You could call it a meta-routine.
So it becomes something very similar to work.
What used to be or was initially something like an escape from work
suddenly becomes a very work-like activity.
Ignacio never set out to be an artist,
but he never set out to work full-time in a beige and grey cubicle either.
So art school offered the possibility of something else.
I always thought I have no artistic talent,
which I actually don't in the traditional sense.
I'm not capable of drawing a man or something.
So that's why I
never thought of becoming an artist. I never saw it as an option because of this lack of talent
that I saw in myself. But I always was very interested in the passive way. I was checking
out exhibitions all the time, was very much into art history. Even though Ignacio was much older
than his fellow art students, he felt like he had the advantage because he knew exactly what he wanted.
He studied script writing and filmmaking.
And after graduation, he moved to Berlin with his girlfriend to start living the creative life.
But within weeks, he found himself once again working in an office cubicle.
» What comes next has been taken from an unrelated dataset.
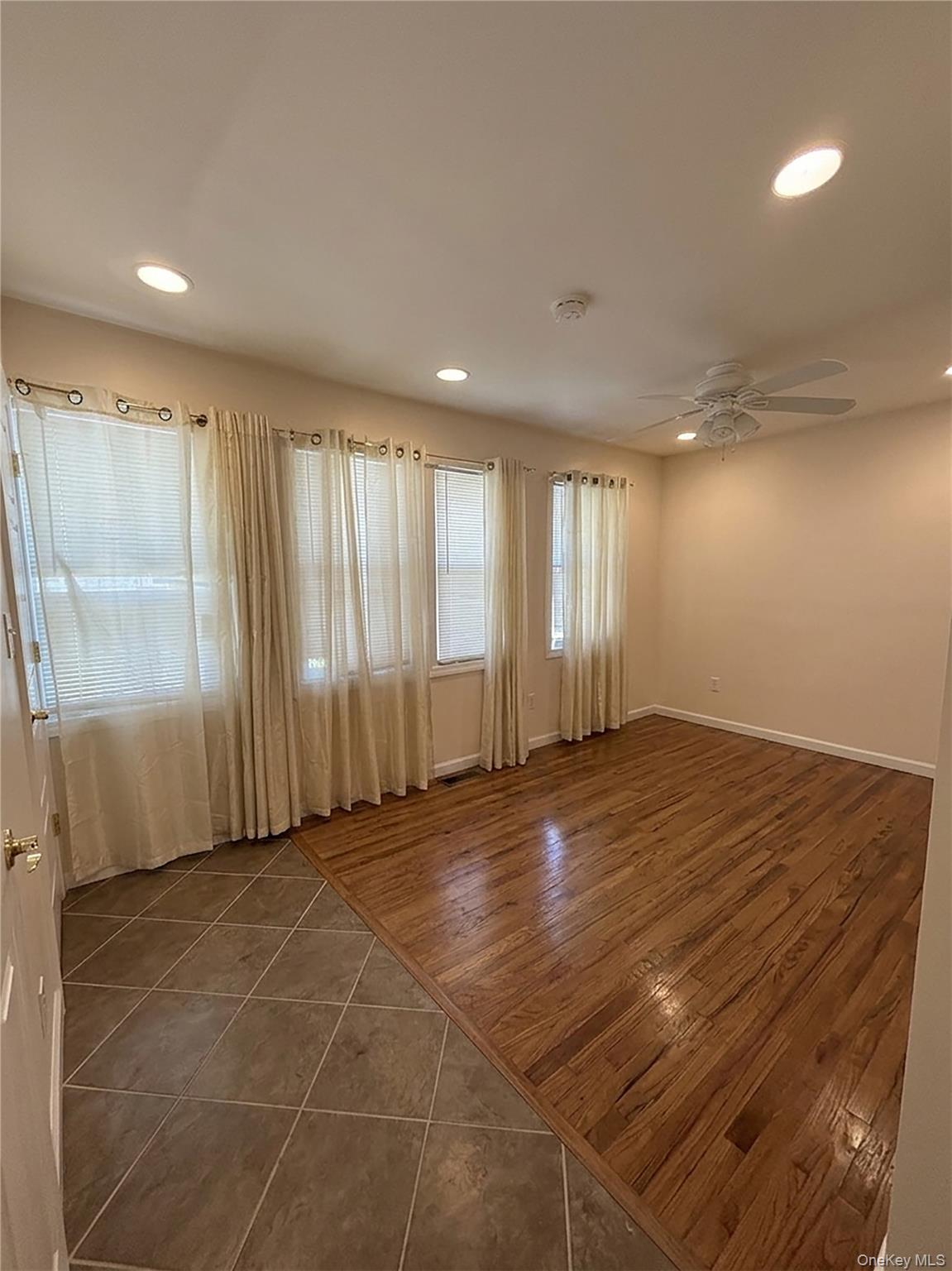 2041 Colonial Avenue Property Photo 18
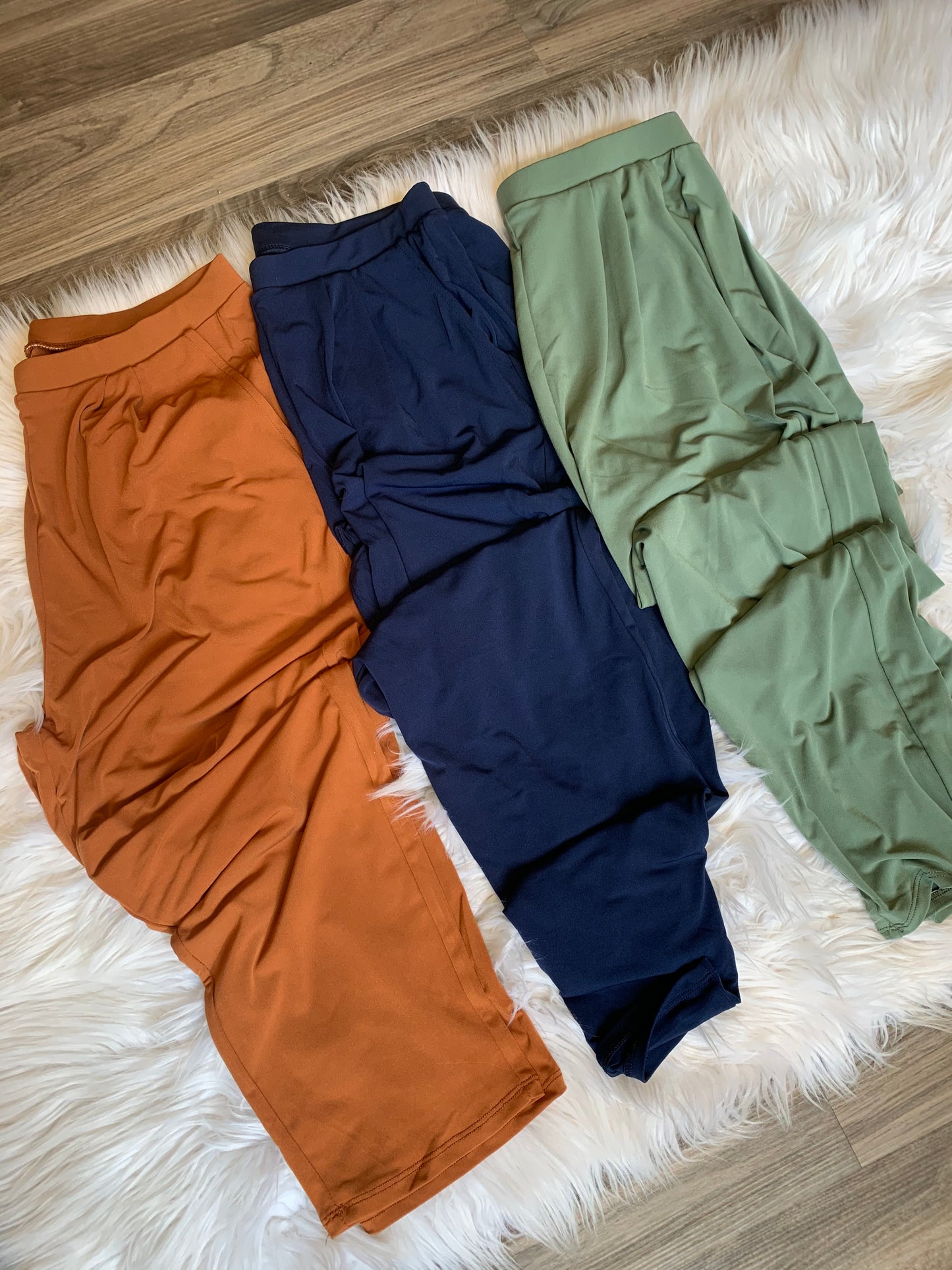 PLEATED WAIST PANTS W/ SIDE POCKETS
So it was absolute, absolute failure.
I was in this full-time position,
a terrible job in an American corporation.
It was pure suffering.
And I did that for two more years.
And those years were the ones where I found
this extreme motivation to find a way out.
This is when Ignacio Duarte started making office art.
When I started making art, it was sort of like a mirroring of the experience I had had the same day in the office.
The Sisyphus type of work, this doing to undo
again, this, I mean, what is a work, what is a routine to start with? It's a, it's an activity
that gets repeated periodically. So that, those were, those are the ingredients of everybody's
work life. You have a certain schedule to fulfill, et cetera. And those are the ingredients that are
always present in my work. The idols I had were, for example, Kafka.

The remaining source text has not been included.